* What you will do *
From the data below, please reproduce exactly everything from the line that contains "Trendy Natural Rainbow" down to the line that contains "High Platelet Reactivity", with both ends included.

── Data to examine

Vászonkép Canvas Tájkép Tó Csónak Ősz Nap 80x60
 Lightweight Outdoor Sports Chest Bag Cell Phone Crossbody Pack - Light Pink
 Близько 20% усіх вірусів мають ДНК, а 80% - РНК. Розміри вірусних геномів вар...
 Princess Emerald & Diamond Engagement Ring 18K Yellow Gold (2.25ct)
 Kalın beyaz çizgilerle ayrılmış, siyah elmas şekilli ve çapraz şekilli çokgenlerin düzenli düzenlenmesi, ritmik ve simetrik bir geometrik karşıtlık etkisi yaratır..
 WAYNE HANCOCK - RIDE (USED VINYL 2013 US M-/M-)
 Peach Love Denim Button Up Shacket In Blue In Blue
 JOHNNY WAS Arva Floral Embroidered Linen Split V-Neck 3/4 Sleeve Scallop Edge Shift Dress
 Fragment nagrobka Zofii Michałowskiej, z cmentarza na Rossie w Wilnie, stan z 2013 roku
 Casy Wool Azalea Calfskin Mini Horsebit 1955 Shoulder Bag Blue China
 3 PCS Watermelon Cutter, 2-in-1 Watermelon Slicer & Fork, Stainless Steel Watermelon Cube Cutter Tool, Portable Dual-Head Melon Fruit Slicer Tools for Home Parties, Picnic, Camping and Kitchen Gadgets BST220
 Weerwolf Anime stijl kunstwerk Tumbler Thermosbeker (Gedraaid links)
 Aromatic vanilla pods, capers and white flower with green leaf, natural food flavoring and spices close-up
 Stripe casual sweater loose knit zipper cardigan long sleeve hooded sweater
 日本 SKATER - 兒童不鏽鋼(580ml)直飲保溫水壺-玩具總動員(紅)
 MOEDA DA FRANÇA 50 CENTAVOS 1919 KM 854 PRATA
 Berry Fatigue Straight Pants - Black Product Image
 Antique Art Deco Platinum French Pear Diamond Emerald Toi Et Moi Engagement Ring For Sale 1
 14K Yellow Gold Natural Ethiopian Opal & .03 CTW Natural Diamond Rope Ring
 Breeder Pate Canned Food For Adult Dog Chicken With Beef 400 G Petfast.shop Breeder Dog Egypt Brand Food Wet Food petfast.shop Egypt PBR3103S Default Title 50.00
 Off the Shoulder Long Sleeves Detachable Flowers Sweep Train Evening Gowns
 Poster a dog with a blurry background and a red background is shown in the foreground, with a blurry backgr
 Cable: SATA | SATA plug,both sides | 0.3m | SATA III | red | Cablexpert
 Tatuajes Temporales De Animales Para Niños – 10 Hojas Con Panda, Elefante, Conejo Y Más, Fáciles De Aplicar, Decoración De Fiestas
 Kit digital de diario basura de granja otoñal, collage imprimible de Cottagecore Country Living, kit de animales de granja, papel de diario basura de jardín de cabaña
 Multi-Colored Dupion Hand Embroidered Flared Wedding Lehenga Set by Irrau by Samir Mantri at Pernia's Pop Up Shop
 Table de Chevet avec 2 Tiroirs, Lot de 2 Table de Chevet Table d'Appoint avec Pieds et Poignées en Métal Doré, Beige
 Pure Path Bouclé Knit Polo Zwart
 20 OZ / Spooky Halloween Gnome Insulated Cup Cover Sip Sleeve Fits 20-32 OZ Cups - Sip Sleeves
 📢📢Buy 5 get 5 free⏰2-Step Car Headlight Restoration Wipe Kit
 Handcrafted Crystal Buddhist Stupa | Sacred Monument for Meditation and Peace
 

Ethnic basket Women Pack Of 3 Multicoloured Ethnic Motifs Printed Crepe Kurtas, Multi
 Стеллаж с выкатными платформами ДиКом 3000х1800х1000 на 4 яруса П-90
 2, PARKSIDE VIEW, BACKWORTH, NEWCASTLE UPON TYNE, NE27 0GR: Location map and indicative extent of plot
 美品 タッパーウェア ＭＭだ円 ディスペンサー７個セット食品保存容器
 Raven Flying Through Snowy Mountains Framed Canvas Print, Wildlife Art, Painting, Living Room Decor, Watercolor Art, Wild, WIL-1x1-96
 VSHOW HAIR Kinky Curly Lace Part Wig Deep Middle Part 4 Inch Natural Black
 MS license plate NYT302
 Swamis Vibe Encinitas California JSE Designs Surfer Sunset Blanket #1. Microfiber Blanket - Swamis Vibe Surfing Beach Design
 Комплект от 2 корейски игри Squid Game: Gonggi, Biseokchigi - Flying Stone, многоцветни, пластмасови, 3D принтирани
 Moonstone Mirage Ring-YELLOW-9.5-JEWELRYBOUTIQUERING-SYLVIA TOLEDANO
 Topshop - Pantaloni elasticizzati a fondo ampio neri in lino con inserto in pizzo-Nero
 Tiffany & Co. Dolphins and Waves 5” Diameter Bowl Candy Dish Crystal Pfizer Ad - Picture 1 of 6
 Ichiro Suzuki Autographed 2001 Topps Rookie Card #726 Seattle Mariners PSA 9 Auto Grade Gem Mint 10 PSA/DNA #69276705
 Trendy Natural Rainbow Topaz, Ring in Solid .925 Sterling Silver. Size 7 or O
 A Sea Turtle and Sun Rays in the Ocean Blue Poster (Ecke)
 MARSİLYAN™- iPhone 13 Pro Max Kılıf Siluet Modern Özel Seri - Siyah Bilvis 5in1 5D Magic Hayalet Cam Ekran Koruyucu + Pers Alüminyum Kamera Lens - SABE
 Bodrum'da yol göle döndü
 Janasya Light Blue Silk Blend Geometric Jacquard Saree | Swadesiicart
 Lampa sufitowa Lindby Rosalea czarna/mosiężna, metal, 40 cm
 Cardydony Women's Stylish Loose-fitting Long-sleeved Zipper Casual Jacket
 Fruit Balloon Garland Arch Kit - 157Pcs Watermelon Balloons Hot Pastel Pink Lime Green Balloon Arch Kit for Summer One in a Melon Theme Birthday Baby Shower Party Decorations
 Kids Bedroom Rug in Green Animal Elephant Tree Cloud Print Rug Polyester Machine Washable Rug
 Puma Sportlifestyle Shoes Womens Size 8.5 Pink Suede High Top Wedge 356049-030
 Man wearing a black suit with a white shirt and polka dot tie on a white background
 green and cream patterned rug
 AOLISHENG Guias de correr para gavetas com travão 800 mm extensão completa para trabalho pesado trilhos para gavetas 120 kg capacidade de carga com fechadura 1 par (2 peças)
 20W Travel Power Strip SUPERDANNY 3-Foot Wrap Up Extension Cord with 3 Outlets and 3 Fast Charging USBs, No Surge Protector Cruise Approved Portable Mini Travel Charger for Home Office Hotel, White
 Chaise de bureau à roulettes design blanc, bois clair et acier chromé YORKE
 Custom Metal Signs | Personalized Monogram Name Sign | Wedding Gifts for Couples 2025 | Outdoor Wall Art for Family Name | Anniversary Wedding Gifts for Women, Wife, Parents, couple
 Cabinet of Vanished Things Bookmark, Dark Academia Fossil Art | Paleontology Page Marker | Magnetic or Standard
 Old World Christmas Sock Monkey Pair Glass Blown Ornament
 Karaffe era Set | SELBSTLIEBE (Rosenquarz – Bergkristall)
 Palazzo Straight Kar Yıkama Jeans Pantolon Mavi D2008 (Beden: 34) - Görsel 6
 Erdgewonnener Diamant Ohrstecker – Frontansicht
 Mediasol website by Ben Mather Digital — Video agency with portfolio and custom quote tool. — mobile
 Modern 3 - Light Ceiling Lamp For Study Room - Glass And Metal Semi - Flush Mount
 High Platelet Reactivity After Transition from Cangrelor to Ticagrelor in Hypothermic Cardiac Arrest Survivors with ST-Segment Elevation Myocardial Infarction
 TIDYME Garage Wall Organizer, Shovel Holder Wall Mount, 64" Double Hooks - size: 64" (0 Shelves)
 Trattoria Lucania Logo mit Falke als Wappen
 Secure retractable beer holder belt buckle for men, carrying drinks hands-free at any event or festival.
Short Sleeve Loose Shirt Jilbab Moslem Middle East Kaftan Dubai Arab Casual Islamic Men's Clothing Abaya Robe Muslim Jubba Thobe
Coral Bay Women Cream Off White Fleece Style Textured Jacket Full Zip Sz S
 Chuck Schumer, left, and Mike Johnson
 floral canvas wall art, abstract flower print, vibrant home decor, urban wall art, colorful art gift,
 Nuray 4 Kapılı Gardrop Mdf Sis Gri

────

* Output of the exercise *
 Trendy Natural Rainbow Topaz, Ring in Solid .925 Sterling Silver. Size 7 or O
 A Sea Turtle and Sun Rays in the Ocean Blue Poster (Ecke)
 MARSİLYAN™- iPhone 13 Pro Max Kılıf Siluet Modern Özel Seri - Siyah Bilvis 5in1 5D Magic Hayalet Cam Ekran Koruyucu + Pers Alüminyum Kamera Lens - SABE
 Bodrum'da yol göle döndü
 Janasya Light Blue Silk Blend Geometric Jacquard Saree | Swadesiicart
 Lampa sufitowa Lindby Rosalea czarna/mosiężna, metal, 40 cm
 Cardydony Women's Stylish Loose-fitting Long-sleeved Zipper Casual Jacket
 Fruit Balloon Garland Arch Kit - 157Pcs Watermelon Balloons Hot Pastel Pink Lime Green Balloon Arch Kit for Summer One in a Melon Theme Birthday Baby Shower Party Decorations
 Kids Bedroom Rug in Green Animal Elephant Tree Cloud Print Rug Polyester Machine Washable Rug
 Puma Sportlifestyle Shoes Womens Size 8.5 Pink Suede High Top Wedge 356049-030
 Man wearing a black suit with a white shirt and polka dot tie on a white background
 green and cream patterned rug
 AOLISHENG Guias de correr para gavetas com travão 800 mm extensão completa para trabalho pesado trilhos para gavetas 120 kg capacidade de carga com fechadura 1 par (2 peças)
 20W Travel Power Strip SUPERDANNY 3-Foot Wrap Up Extension Cord with 3 Outlets and 3 Fast Charging USBs, No Surge Protector Cruise Approved Portable Mini Travel Charger for Home Office Hotel, White
 Chaise de bureau à roulettes design blanc, bois clair et acier chromé YORKE
 Custom Metal Signs | Personalized Monogram Name Sign | Wedding Gifts for Couples 2025 | Outdoor Wall Art for Family Name | Anniversary Wedding Gifts for Women, Wife, Parents, couple
 Cabinet of Vanished Things Bookmark, Dark Academia Fossil Art | Paleontology Page Marker | Magnetic or Standard
 Old World Christmas Sock Monkey Pair Glass Blown Ornament
 Karaffe era Set | SELBSTLIEBE (Rosenquarz – Bergkristall)
 Palazzo Straight Kar Yıkama Jeans Pantolon Mavi D2008 (Beden: 34) - Görsel 6
 Erdgewonnener Diamant Ohrstecker – Frontansicht
 Mediasol website by Ben Mather Digital — Video agency with portfolio and custom quote tool. — mobile
 Modern 3 - Light Ceiling Lamp For Study Room - Glass And Metal Semi - Flush Mount
 High Platelet Reactivity After Transition from Cangrelor to Ticagrelor in Hypothermic Cardiac Arrest Survivors with ST-Segment Elevation Myocardial Infarction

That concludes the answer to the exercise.